Phonebloks - designed by Dave Hakkens
What if you could buy a smartphone that would last you for the rest of your life? This was the dream of Dutch designer Dave Hakkens, whose 'Phonebloks' concept aims to decrease waste by offering consumers the opportunity to replace individual components of their phone, while retaining the device's basic frame. In theory, Hakkens believes that choosing separate components could enable users to personalize their mobile phone to their own specifications, adding an improved camera, increased storage or a larger battery, without having to throw the device away and get a new one.
Touch Board: Interactivity Everywhere - designed by Bare Conductive
Turn your wall into a lightswitch, turn your posters interactive, turn any surface into a sensor of any kind. Bare Conductive, a group of London-based designers, last year mounted a KickStarter crowdsourcing campaign to develop a new device that would work with their electrically conductive paint. The Touch Board will allow creative types to make all manner of homegrown projects including interactive books, distance sensors, or sound installations.
The Seaboard Grand - designed by Roland Lamb and Hong-Yeul Eom
The Seaboard is a "tech forward" interpretation of the piano that attempts to reimagine what a keyboard can do. The Seaboard takes the basic layout of a piano but allows a player to "bend" the sound of each note by using a range of different gestures that its inventor Roland Lamb says are based very closely on the gestures people learn when they first pick up the piano. Moving a finger left on a key makes a note 'bend' downwards, moving it right makes it go up a little. Jazz singer Jamie Cullum is among those to have tried the Seaboard.
Ripple, ultra-light timber table - designed by Benjamin Hubert
Designer Benjamin Hubert built a 2.4 metre timber table that could comfortably seat eight dinner guests and is so light it can easily be picked up by one person.
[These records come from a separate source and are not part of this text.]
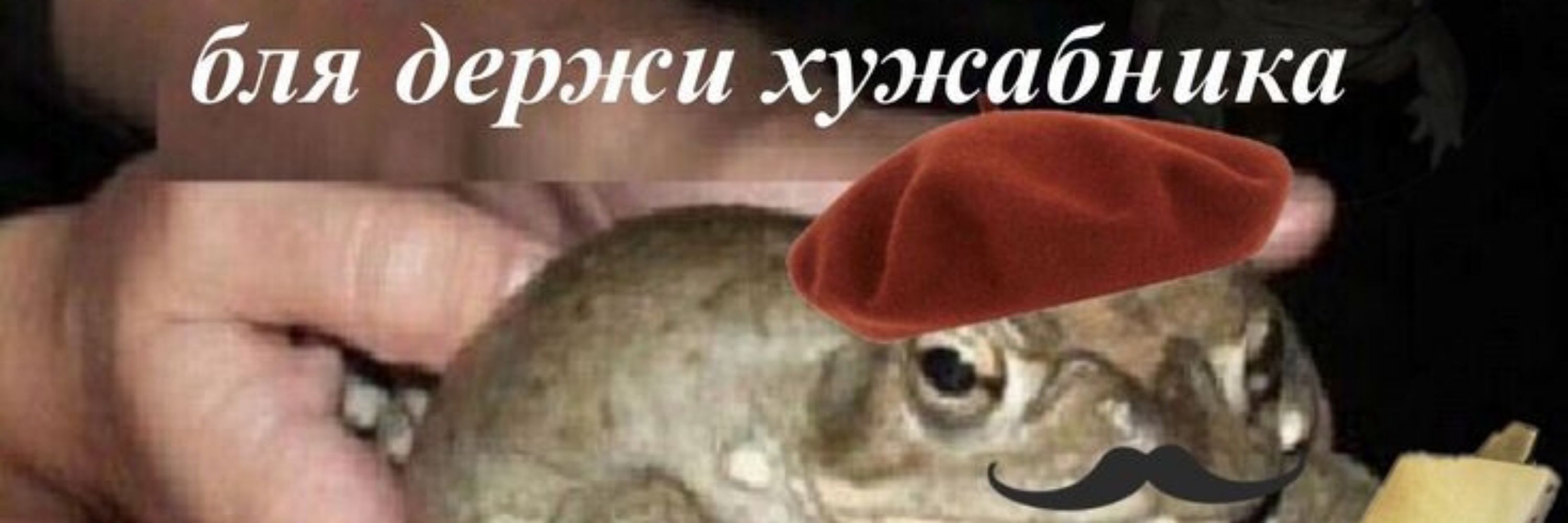 силва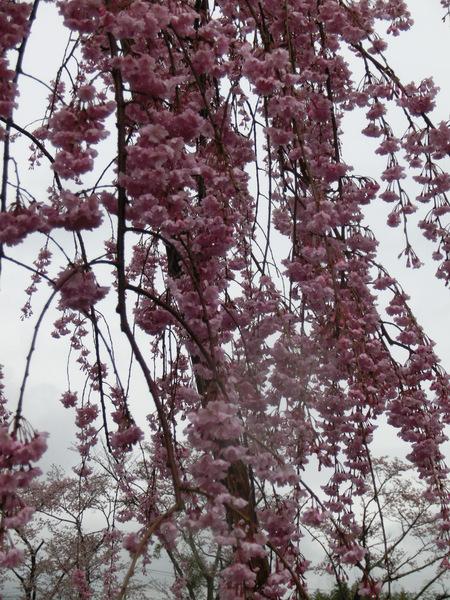 曇り空でもきれいなピンク色の花を咲かせるソメイヨシノの写真
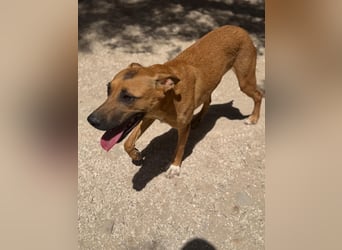 Lola - hübsche braune Junghündin möchte endlich ankommen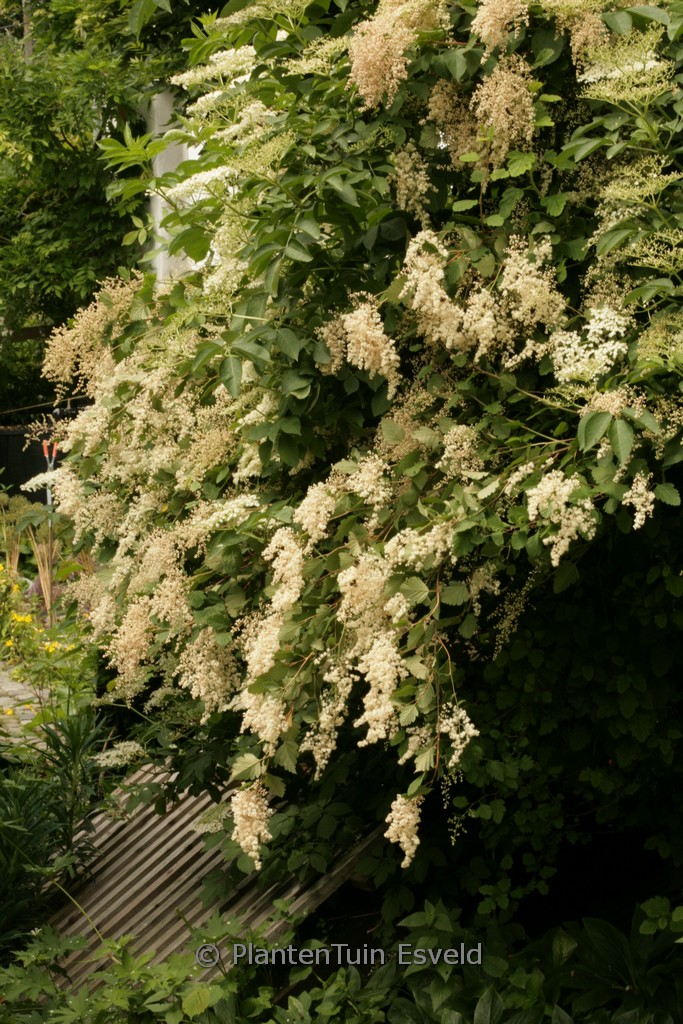 Holodiscus discolor - Afbeelding 7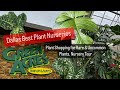 Big Box Store Plant Shopping Alternative Shop Local Plant Nursery Green Acres Nursery and Supply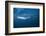 Bryde's Whale (Balaenoptera Edeni) and Common Dolphins (Delphinus Delphis)-Jordi Chias-Framed Photographic Print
The table is made from corrugated Sitka spruce plywood, and is regarded as both environmentally friendly and easy to build and manoeuvre.
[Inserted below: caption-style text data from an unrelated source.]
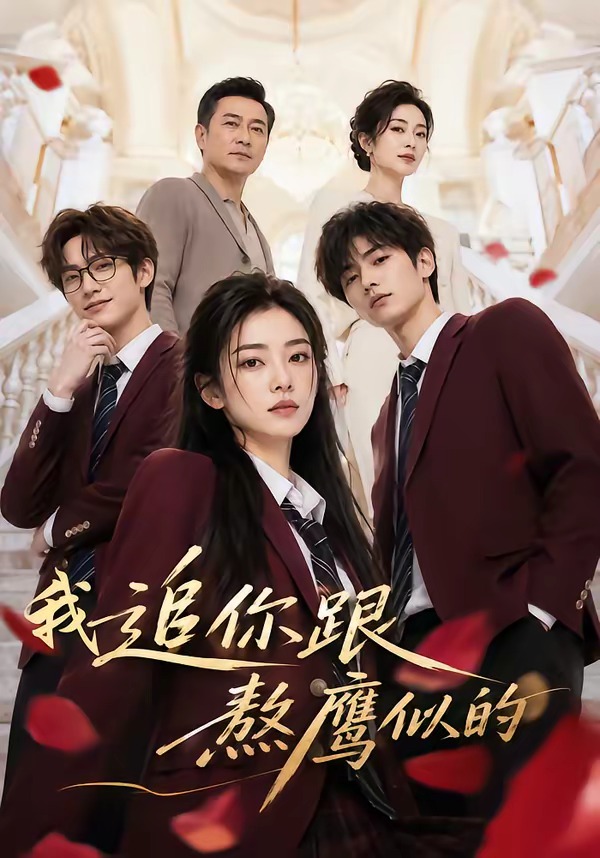 我追你跟熬鹰似的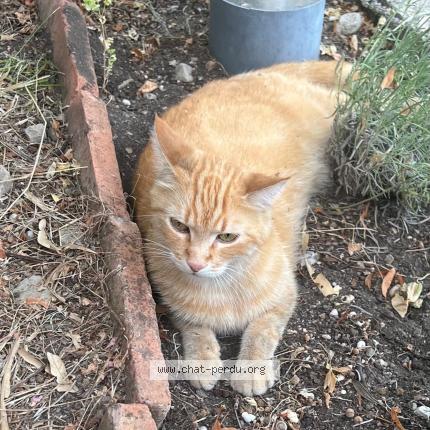 Photo 1/1 Chat retrouvé Perdu à Anduze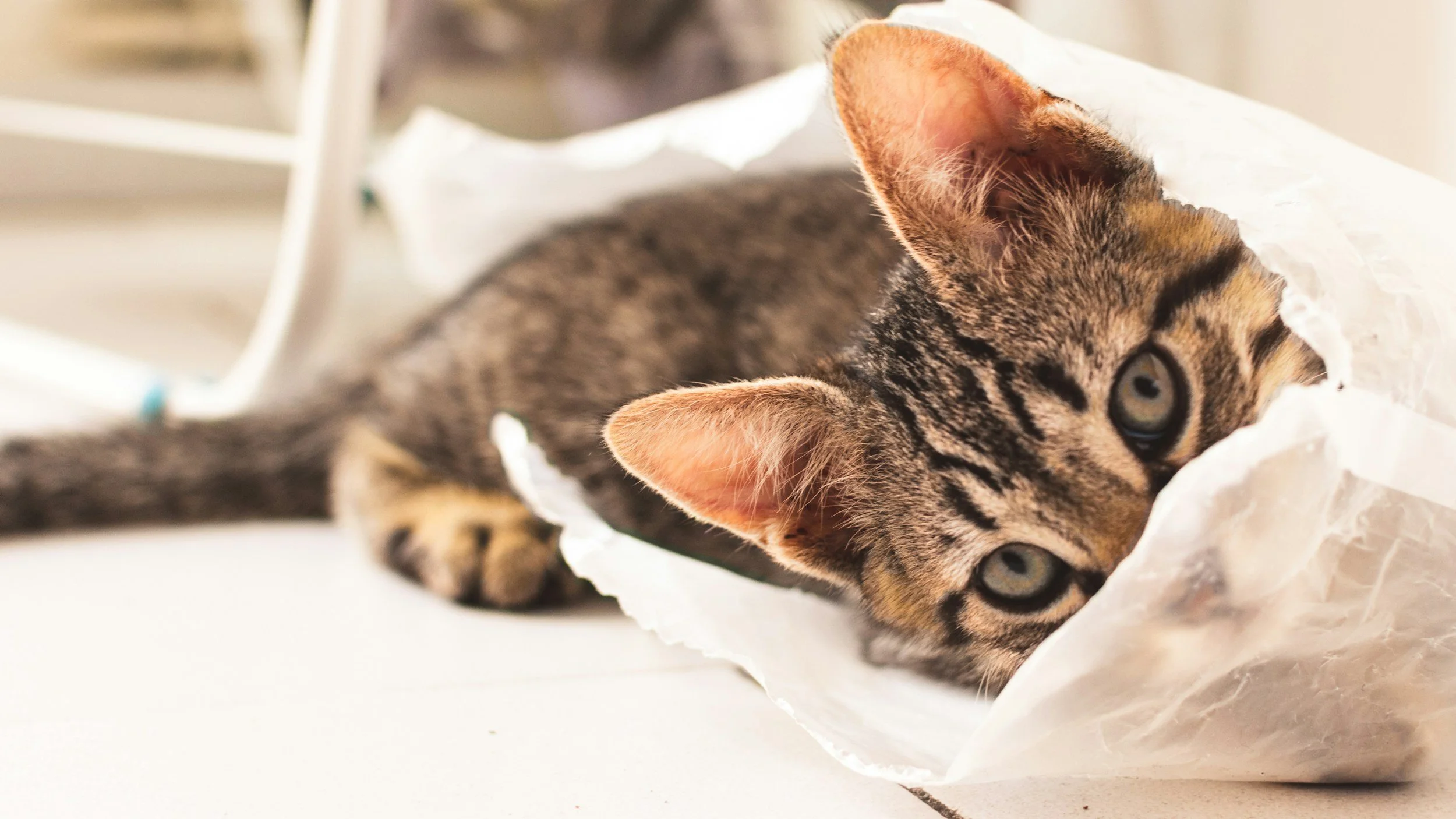 Why Is My Cat Obsessed with Licking Plastic Bags?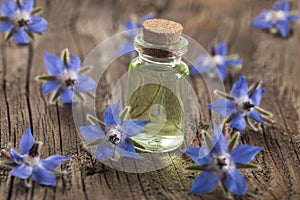 Borage oil Borago Officinalis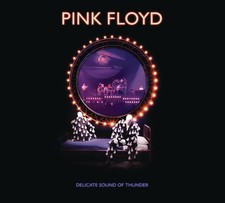 Pink Floyd Delicate Sound Of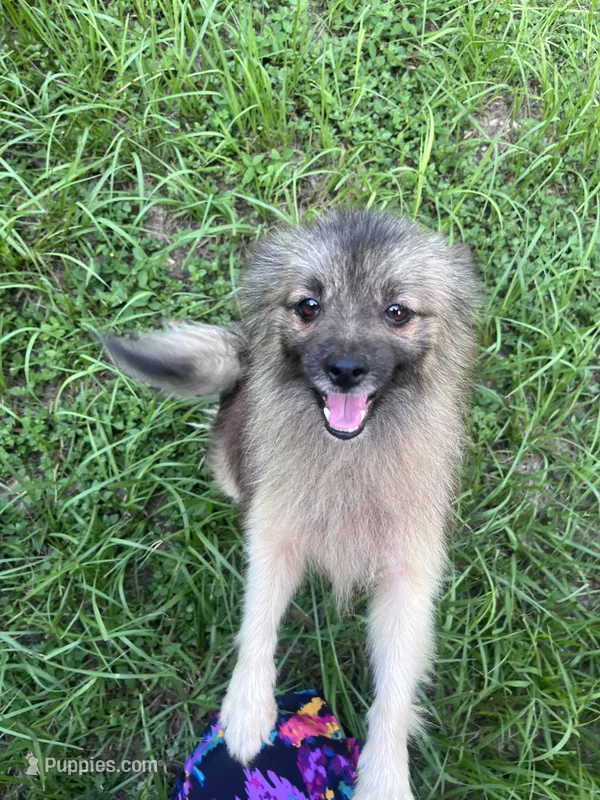 Goliath  – Pomeranian puppy for sale in Houston, TX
Makoko Floating School, Nigeria - designed by NLE, Makoko Community Building Team
The Makoko community in Lagos, Nigeria have dealt with life on the water for many years. Houses in the area are built on stilts and navigated, during floods, by canoe. A prototype for a floating school has been developed by Nigerian-born architect Kunle Adeyemi, whose radical design aims to address challenges faced by the community such as climate change and rapid urbanisation.
Silk Pavilion - designed by Mediated Matter Group at the MIT Media Lab
The silk pavilion is a structure built collaboratively by robots and silk worms. The basis for the structure was comprised of polygonal panels made of silk laid down by a CNC machine. It was then completed by an army of 6,500 silk worms who traversed its surface depositing silk fibres.
Bloom Helmet - designed by Tokyo Safety
The bloom helmet can be folded down for easy storage, then restored to its full shape in less than a minute. It is designed to provide protection to people who live in earthquake-prone areas.
The 76 projects will be shown at the Design Museum from 26 March to 25 August 2013. Winners will be announced later in the year.